The science was airtight. The grammar was not. He'd rewritten the executive summary four times and it still read like a physics paper that had been in a fight with a business plan and both of them lost.

But the core idea was solid. One word. One industry. One keynote for the company he was about to build.

Energy.

He handed the report to Graves in the man's office at the Bureau of Internal Affairs and waited for the reaction he knew was coming.

Graves read the first page. His eyebrows climbed. He read the second page. His eyebrows stayed up. By the third page, they'd settled into a furrow that suggested the Director of National Security was experiencing the specific combination of interest and anxiety that only Ethan Mercer could produce.

"Kid." Graves set the report on his desk. "I'm not trying to disrespect you."

"But."

"But converting nuclear fusion technology into commercial energy production involves difficulties that go far beyond the reactor itself. The control systems alone would fill a hundred-page specification document. Your palm-sized prototype is one thing. Scaling that up to power a city grid is an entirely different engineering challenge."

He leaned forward.

"And here's the real problem. If you build a full-scale fusion reactor and something goes wrong, the energy release wouldn't be like a fission meltdown. It would be worse. Orders of magnitude worse. You're talking about an explosion that could level a province."

Ethan rubbed his hands together and grinned.

"That's why we're not building it on land."

Graves blinked.

"If not on land, then where?" A pause. Realization crossed his face, followed immediately by disbelief. "The ocean? You want to build a nuclear fusion reactor on the seabed?"

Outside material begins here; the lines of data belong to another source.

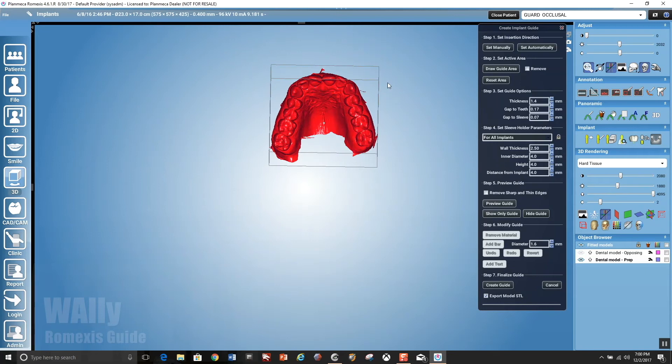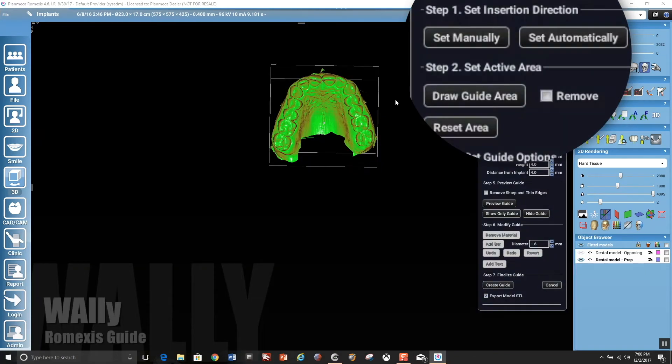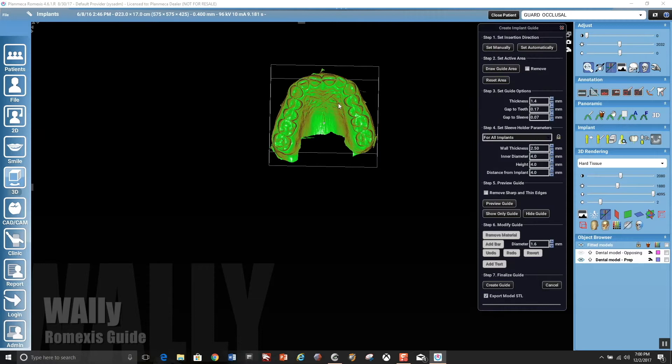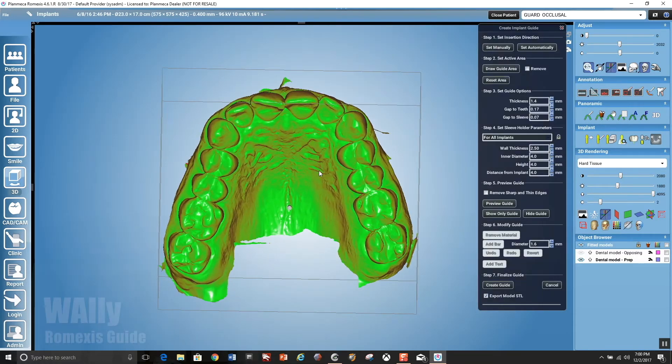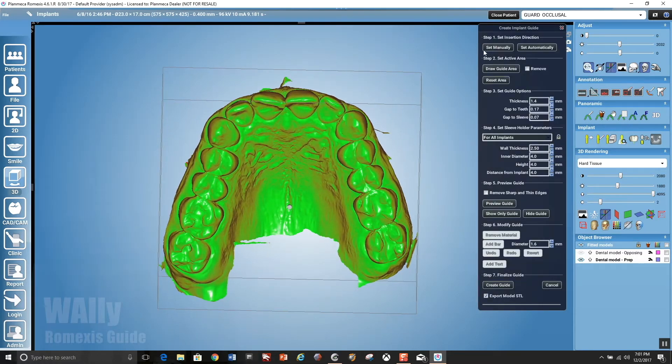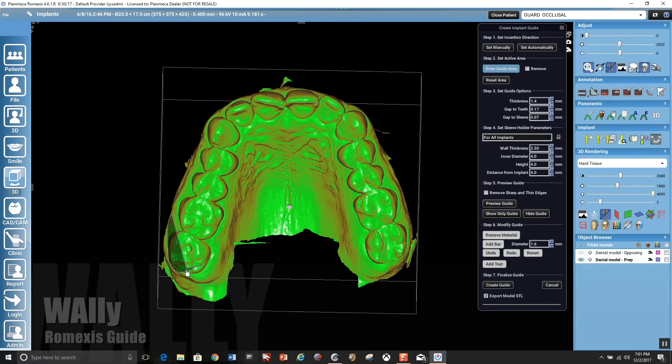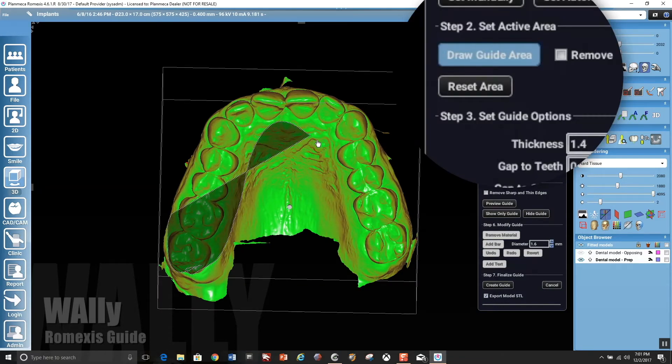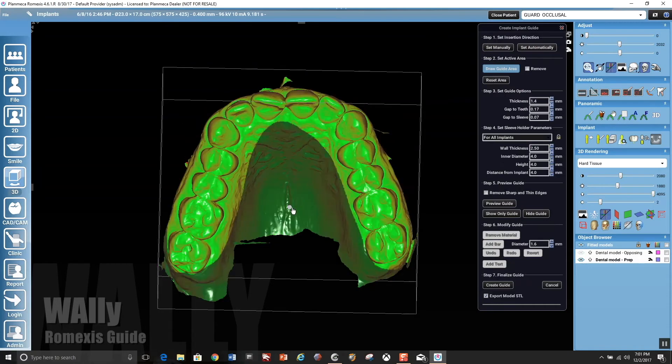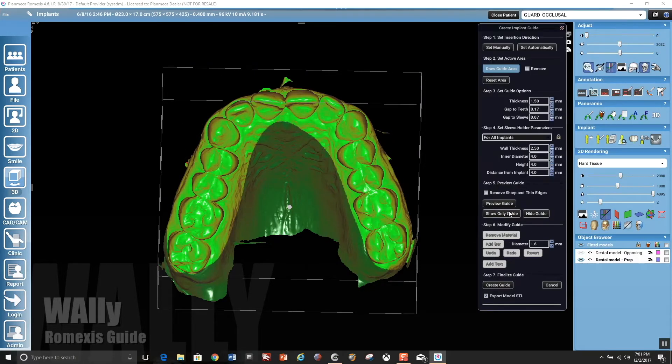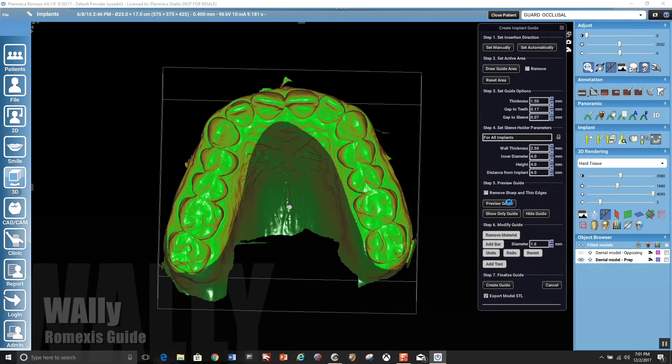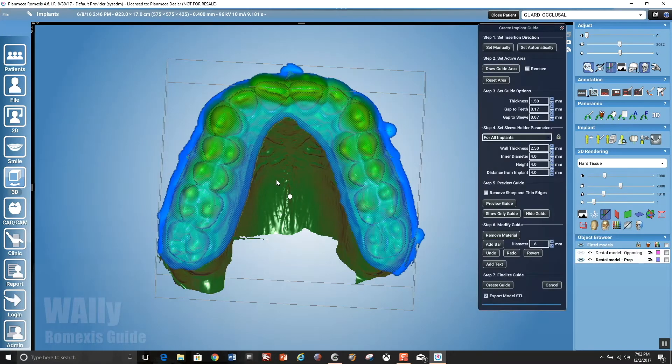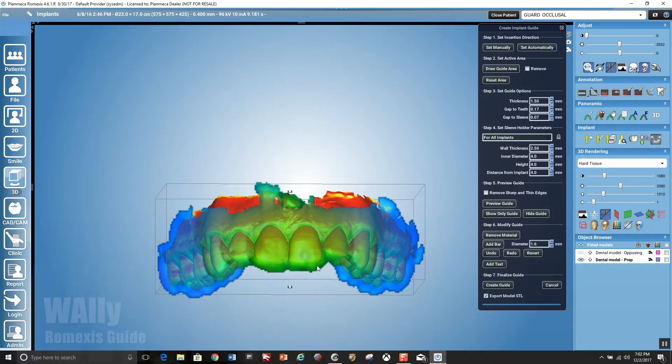So then you open the guide module, and you're going to set your path of insertion for the occlusal guard manually, and it will highlight severe undercuts as red. And then you're going to draw the guide area. You just circumscribe a little bit past where you want the guide to go. And then you could set your thickness. In this instance, I wanted one and a half millimeters. And then you preview guide, and it's going to render that over the model, and it is anatomical.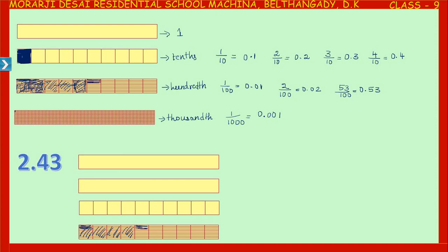One part out of ten equal parts is represented as tenths, one part out of one hundred equal parts is represented as hundredths, and one part out of one thousand equal parts is represented as thousandths, and so on.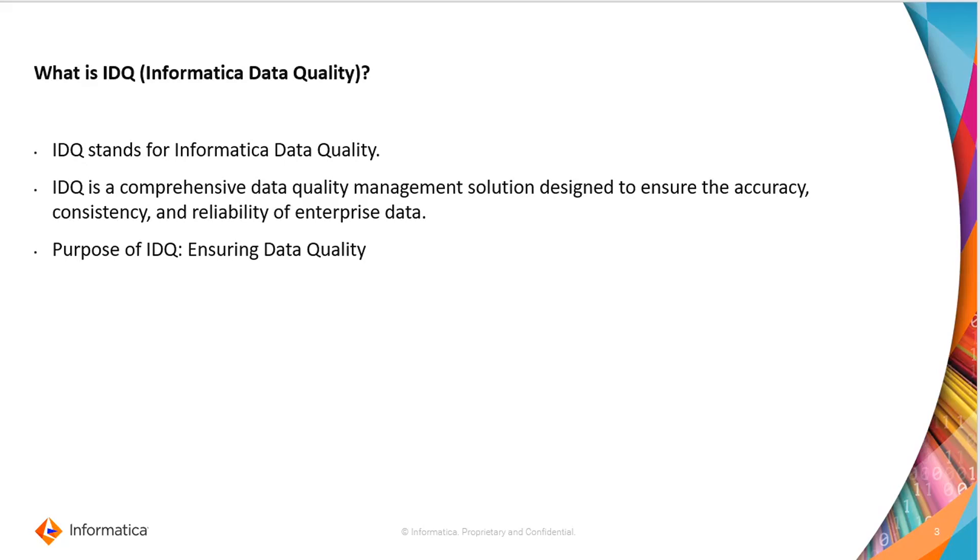It is designed to address various aspects of data quality within organizations, helping them to ensure that their data is accurate, consistent, and reliable. The main purpose of IDQ is to ensure that you have good quality of data.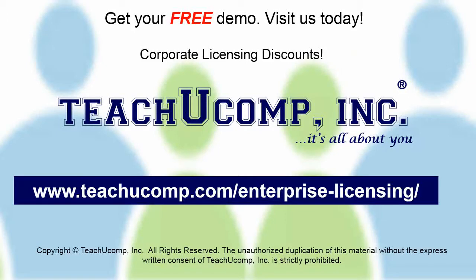Need computer training for a group or office? Contact us today to get a free demo of our training at www.teachucomp.com/enterprise-licensing.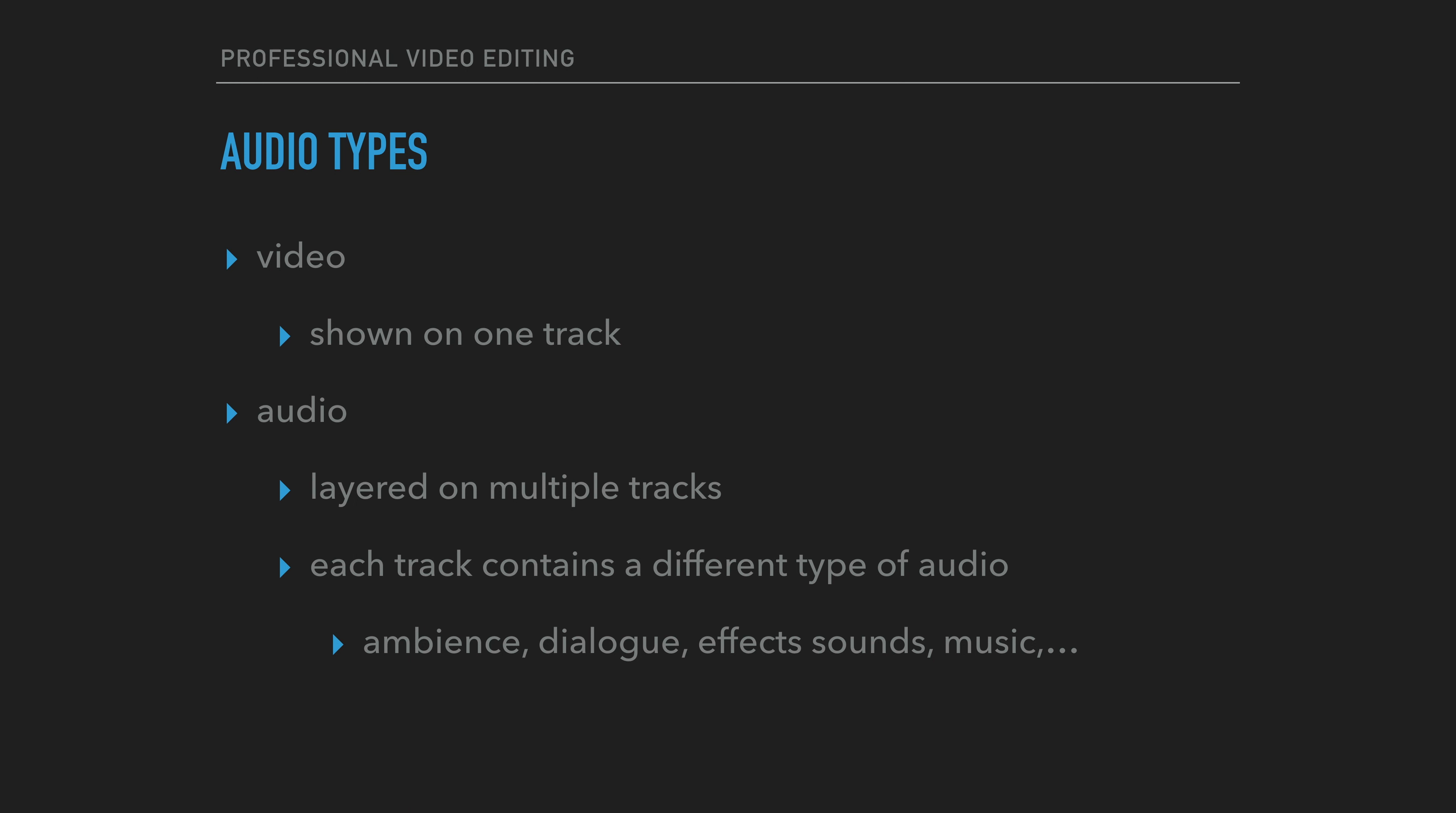Unlike video, audio is layered into multiple tracks. Each track will contain a different type of audio. As part of mixing the audio tracks, editors will specify the volume levels of the individual tracks and the individual clips within the tracks.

The question was half-joke, half-test. Everyone in the energy sector knew that conventional reactors were built near coastlines for a reason: seawater cooling. But in the ocean? Submerged? The idea was absurd on its face. Large volumes of seawater flooding the reaction chamber would disrupt the fusion process entirely. This wasn't a technology limitation or an engineering challenge. It was a fundamental property of the elements involved in nuclear reactions. No amount of innovation could change the nature of matter itself.

Ethan shrugged.

"What if I told you I could actually build it on the seabed?"

The Director of the Bureau of Internal Affairs stood up so fast his chair hit the wall behind him.

"Impossible."

"Director—"

"Kid, I know you're a genius. I've accepted that. I've made my peace with it. But do not try to pull this with me." Graves's voice was sharp, the tone of a man who knew exactly where the line between ambition and delusion was drawn. "This issue has been studied by every top physicist in the Republic. It's been peer-reviewed, published, and settled. Building a reactor on the seabed is not a problem that can be solved by better technology or smarter engineering."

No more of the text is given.